[Provided records — start]
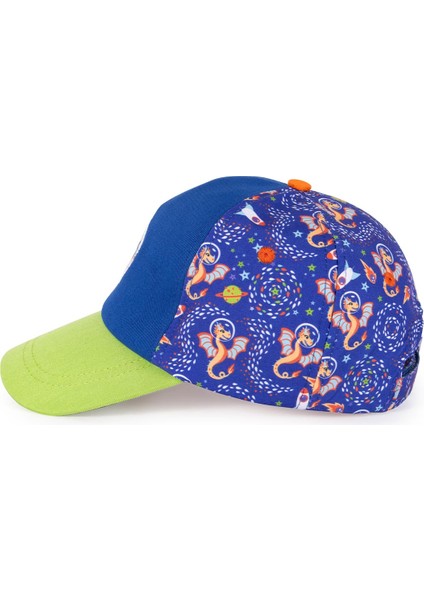 Ponix 7-10 Yaş Erkek Çocuk Şapkası – Ejderha Temalı, Simli Mavi ve Yeşil, Ayarlanabilir ve Nefes Alabilir Tasarım fiyatları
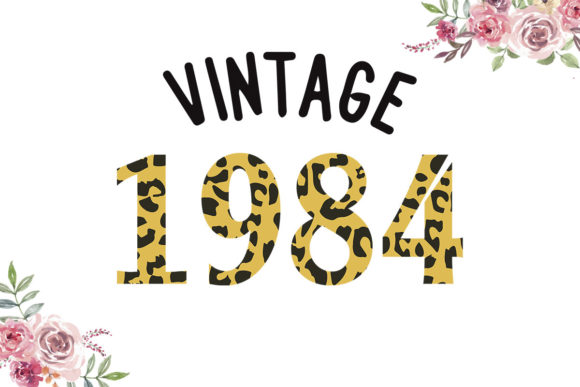 Vintage 1984 Leopard Font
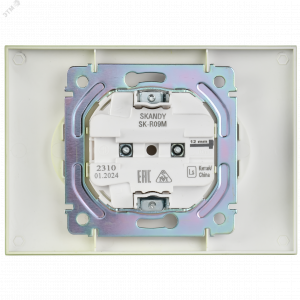 SKANDY Розетка 2-местная без заземления с защитными шторками 10А в сборе SK-R09G мятный IEK SK-R23-10-K06-F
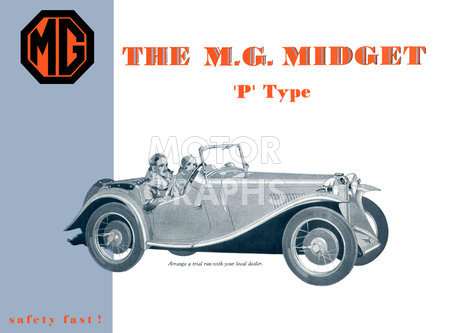 MG P-Type Midget 1935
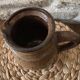 Enamelled stoneware water pot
[Provided records — finish]
Problem :: Recopy the whole listing above precisely, excluding images.

Your response ::
 Ponix 7-10 Yaş Erkek Çocuk Şapkası – Ejderha Temalı, Simli Mavi ve Yeşil, Ayarlanabilir ve Nefes Alabilir Tasarım fiyatları
 Vintage 1984 Leopard Font
 SKANDY Розетка 2-местная без заземления с защитными шторками 10А в сборе SK-R09G мятный IEK SK-R23-10-K06-F
 MG P-Type Midget 1935
 Enamelled stoneware water pot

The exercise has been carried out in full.